De repente estalló en llanto, entre grotesca y digna de lástima, con la cofia descolocada y retorciendo el delantal con las manos.
– ¡Por Dios bendito! -murmuró desesperadamente la decana-. ¿No podemos hacer algo?
La señorita Barton se levantó.
– Vamos, Annie -dijo con decisión-. Lo sentimos mucho por usted, pero no puede actuar como una histérica. ¿Qué pensarían las niñas si la vieran? Lo mejor será que se acueste y se tome una aspirina. Administradora, ¿podría ayudarme a llevármela, por favor?
Como electrizada, la señorita Stevens se levantó, cogió a Annie por el otro brazo y salieron las tres juntas. La rectora se volvió hacia Peter, que estaba de pie enjugándose mecánicamente la cara con el pañuelo, sin mirar a nadie.
– Le pido disculpas por haber permitido esta escena. Debería haberlo comprendido. Tenía usted toda la razón.
– ¡Por supuesto que tenía razón! -exclamó Harriet. La cabeza estaba a punto de estallarle, como una máquina de vapor-. Siempre tiene razón. Dijo que era peligroso preocuparse por nadie. Dijo que el amor es una bestia demoníaca. Tú eres honrado, ¿verdad, Peter? Redomadamente honrado… ¡Dios! Déjenme salir. Voy a vomitar.
Tropezó contra Peter, que le abrió la puerta y tuvo que llevarla con mano firme hasta la puerta del lavabo. Cuando volvió, la rectora se había puesto de pie, y con ella las profesoras.
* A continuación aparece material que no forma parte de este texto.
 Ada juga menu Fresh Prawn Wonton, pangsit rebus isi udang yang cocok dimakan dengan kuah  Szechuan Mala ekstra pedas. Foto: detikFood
Parecían aturdidas por la impresión de ver tantos sentimientos al desnudo en público.
– Por supuesto, señorita De Vine – estaba diciendo la rectora-, a nadie en su sano juicio se le ocurriría culparla a usted.
– Gracias rectora -repuso la señorita De Vine-. A nadie, salvo quizá a mí.
– Lord Peter -dijo la rectora un poco más tarde, cuando todas se habían calmado un poco-, creo que a todas nos gustaría decirle…
– No, por favor -replicó él-. No tiene ninguna importancia.
La rectora salió y las demás la siguieron, como plañideras en un funeral, y solo quedó la señorita De Vine, sentada bajo la ventana. Peter cerró la puerta y se acercó a ella, pasándose el pañuelo por la boca. Al darse cuenta, lo tiró a la papelera.
– Yo sí me echo la culpa -dijo la señorita De Vine, dirigiéndose no tanto a Peter como a sí misma-. Con amargura. No por mi forma de actuar, que era inevitable, sino por las consecuencias. Nada de lo que pueda decirme me hará sentirme más responsable de lo que ya me siento.
– No tengo nada que decirle -replicó Peter-. Al igual que usted y la totalidad del claustro, admito que los principios y las consecuencias van unidos.
– Eso no sirve de nada -dijo la profesora sin rodeos-. Habría que pensar en las demás personas. La señorita Lydgate habría hecho lo mismo que yo, pero se habría molestado en averiguar qué había sido de ese desdichado y de su esposa.